(Instructions to follow) Find the line with "article-image" in the listing below. Write it out exactly, along with every later line up to the final one.

(Provided records)
- - - - -
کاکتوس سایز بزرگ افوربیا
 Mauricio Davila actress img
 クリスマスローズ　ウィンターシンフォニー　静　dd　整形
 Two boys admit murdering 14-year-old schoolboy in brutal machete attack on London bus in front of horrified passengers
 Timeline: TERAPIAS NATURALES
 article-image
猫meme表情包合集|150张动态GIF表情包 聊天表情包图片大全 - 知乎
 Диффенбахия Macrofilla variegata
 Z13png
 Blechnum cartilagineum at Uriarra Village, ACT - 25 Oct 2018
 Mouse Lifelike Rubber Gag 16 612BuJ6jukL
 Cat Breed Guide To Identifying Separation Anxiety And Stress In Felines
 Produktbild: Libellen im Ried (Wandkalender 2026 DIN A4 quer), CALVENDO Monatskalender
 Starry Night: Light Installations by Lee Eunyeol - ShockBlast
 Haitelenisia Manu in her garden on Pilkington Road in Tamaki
- - - - -
(Answer to this problem)
 article-image
猫meme表情包合集|150张动态GIF表情包 聊天表情包图片大全 - 知乎
 Диффенбахия Macrofilla variegata
 Z13png
 Blechnum cartilagineum at Uriarra Village, ACT - 25 Oct 2018
 Mouse Lifelike Rubber Gag 16 612BuJ6jukL
 Cat Breed Guide To Identifying Separation Anxiety And Stress In Felines
 Produktbild: Libellen im Ried (Wandkalender 2026 DIN A4 quer), CALVENDO Monatskalender
 Starry Night: Light Installations by Lee Eunyeol - ShockBlast
 Haitelenisia Manu in her garden on Pilkington Road in Tamaki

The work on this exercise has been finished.